Task details:
Every line in the records below between the one holding "Charleston Voice Rothschild" and the one holding "Native/Alaskan vs Immigrants", inclusive, is to be set down exactly; all other lines are to be left out.

------------------------------------

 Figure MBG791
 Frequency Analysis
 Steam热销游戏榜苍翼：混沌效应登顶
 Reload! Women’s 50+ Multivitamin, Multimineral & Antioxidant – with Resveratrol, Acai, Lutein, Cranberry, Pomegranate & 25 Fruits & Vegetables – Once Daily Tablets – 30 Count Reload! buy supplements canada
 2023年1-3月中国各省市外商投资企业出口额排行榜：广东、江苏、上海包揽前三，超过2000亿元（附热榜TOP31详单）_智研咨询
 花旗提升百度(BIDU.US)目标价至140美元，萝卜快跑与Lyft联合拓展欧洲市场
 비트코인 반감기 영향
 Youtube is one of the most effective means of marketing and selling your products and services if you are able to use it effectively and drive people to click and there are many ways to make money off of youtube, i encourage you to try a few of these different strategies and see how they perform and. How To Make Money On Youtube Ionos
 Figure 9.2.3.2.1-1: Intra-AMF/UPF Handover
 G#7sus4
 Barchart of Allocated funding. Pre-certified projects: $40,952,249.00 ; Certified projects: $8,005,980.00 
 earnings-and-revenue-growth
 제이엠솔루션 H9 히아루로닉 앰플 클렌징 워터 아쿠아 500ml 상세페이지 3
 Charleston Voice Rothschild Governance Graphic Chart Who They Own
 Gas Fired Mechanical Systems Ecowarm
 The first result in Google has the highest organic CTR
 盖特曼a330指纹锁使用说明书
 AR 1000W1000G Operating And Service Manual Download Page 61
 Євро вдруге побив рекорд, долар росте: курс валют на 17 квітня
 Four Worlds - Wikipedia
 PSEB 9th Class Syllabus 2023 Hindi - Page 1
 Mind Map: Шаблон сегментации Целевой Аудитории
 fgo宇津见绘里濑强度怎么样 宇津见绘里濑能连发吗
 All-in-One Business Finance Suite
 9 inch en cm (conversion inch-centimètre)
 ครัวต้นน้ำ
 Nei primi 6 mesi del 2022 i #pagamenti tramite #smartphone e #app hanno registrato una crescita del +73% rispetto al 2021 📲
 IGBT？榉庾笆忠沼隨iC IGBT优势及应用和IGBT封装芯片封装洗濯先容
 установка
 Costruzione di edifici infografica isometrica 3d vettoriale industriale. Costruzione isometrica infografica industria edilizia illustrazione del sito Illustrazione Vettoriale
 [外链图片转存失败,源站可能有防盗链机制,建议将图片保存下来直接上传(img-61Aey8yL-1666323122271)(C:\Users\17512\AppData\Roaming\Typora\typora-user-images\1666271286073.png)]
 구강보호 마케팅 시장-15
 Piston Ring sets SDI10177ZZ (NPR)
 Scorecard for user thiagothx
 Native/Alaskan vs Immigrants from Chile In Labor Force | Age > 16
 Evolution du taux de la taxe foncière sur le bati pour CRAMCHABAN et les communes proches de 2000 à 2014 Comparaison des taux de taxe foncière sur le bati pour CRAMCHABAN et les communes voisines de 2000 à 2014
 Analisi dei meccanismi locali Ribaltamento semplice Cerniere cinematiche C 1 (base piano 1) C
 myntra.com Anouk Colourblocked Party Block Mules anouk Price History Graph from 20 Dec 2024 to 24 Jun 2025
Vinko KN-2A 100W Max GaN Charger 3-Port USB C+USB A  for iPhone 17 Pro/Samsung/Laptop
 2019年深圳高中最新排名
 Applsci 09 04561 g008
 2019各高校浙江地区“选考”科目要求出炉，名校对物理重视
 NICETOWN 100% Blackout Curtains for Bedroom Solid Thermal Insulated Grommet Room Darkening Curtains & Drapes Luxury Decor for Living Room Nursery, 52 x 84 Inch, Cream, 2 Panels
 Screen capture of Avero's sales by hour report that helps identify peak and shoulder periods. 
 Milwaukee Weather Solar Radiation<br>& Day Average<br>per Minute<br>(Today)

------------------------------------

Problem solution:
 Charleston Voice Rothschild Governance Graphic Chart Who They Own
 Gas Fired Mechanical Systems Ecowarm
 The first result in Google has the highest organic CTR
 盖特曼a330指纹锁使用说明书
 AR 1000W1000G Operating And Service Manual Download Page 61
 Євро вдруге побив рекорд, долар росте: курс валют на 17 квітня
 Four Worlds - Wikipedia
 PSEB 9th Class Syllabus 2023 Hindi - Page 1
 Mind Map: Шаблон сегментации Целевой Аудитории
 fgo宇津见绘里濑强度怎么样 宇津见绘里濑能连发吗
 All-in-One Business Finance Suite
 9 inch en cm (conversion inch-centimètre)
 ครัวต้นน้ำ
 Nei primi 6 mesi del 2022 i #pagamenti tramite #smartphone e #app hanno registrato una crescita del +73% rispetto al 2021 📲
 IGBT？榉庾笆忠沼隨iC IGBT优势及应用和IGBT封装芯片封装洗濯先容
 установка
 Costruzione di edifici infografica isometrica 3d vettoriale industriale. Costruzione isometrica infografica industria edilizia illustrazione del sito Illustrazione Vettoriale
 [外链图片转存失败,源站可能有防盗链机制,建议将图片保存下来直接上传(img-61Aey8yL-1666323122271)(C:\Users\17512\AppData\Roaming\Typora\typora-user-images\1666271286073.png)]
 구강보호 마케팅 시장-15
 Piston Ring sets SDI10177ZZ (NPR)
 Scorecard for user thiagothx
 Native/Alaskan vs Immigrants from Chile In Labor Force | Age > 16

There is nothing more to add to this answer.